# DIY dripper for cheap tutorial



## petoly (Sep 29, 2012)

*Here is a tutorial on how to make a regulable dripper but this principal can be applied to make a whole daisychained system. *







*What you will need:*


an empty plastic bottle with lid. I recommend the big poweraid bottles as they have a nice big lid and hold a good amount of water. Smaller poweraid or gatorade bottles will work too. make sure the bottle you use is used for a beverage

bottle cap

an aquarium air valve (the white thing. you can find them at petco for pretty cheap. you can also use the little t shaped ones too, but you can't regulate those like this valve I have in the picture

a piece of rigid aquarium tubing the same length of the bottle minus like 1/8"
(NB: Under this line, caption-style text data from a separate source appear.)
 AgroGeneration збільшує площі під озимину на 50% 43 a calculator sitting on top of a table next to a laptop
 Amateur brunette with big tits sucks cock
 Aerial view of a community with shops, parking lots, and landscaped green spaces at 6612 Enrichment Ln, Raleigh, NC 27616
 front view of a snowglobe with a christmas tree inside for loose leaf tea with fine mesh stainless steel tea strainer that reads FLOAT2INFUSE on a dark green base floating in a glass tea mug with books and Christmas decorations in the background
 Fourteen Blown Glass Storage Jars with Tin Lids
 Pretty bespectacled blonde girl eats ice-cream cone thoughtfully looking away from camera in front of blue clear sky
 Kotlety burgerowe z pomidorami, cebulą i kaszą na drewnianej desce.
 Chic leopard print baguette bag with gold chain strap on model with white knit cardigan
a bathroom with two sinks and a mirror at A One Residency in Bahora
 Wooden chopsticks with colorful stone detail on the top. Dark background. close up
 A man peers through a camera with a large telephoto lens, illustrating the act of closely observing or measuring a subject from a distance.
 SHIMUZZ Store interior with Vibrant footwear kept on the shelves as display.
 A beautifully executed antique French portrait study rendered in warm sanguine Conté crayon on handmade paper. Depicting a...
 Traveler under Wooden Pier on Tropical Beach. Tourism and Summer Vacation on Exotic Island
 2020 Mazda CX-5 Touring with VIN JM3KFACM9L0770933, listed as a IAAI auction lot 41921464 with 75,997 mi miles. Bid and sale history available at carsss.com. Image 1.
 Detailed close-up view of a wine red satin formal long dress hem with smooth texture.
a piece of silicone or rubber aquarium tubing longer than the bottle. this can be as long as you want as long as it's well longer than the bottle so you can easily work with the device

some pliers

a drill with a drillbit one size smaller than the rubber tubing. If you can fit the drillbit in the tubing without forcing it in and it feels snug, that's the right size.


*Instructions*:







take your bottle cap and drill two holes. use the drillbit that is a bit smaller than the rubber tubing







2. Cut one end of the rubber tubing into an angle






3. From the outer top of the cap, stuff one of the holes with the angled cut of the tube so a bit sticks out on the other side. Take some needle nose pliers and pull carefully on the tubing to get it all the way through. This creates a seal. don't pull it too far you just want a little bit sticking out on the inside of the cap






4. this is how much rubber hosing you should have hanging on the inner side of the cap






5. On the inner cap side, slide the rigid aquarium tubing so it fits snugly, on the other side of the rubber tubing attack the aquarium valve






6. Fill bottle with water, open valve all the way suck from the valve till you get a bit of water and close the valve. Place device on top of tank and stick the valve through one of the holes of the screen top. you might have to push it or mold the plastic valve a bit to get it through. Slowly turn the valve knob counter clockwise until you get the desired drip per second. it's pretty accurate. It takes a little bit but I have had mine set at 1 drop every 2 minutes. you will occasionally have to adjust the flow as the water level lowers.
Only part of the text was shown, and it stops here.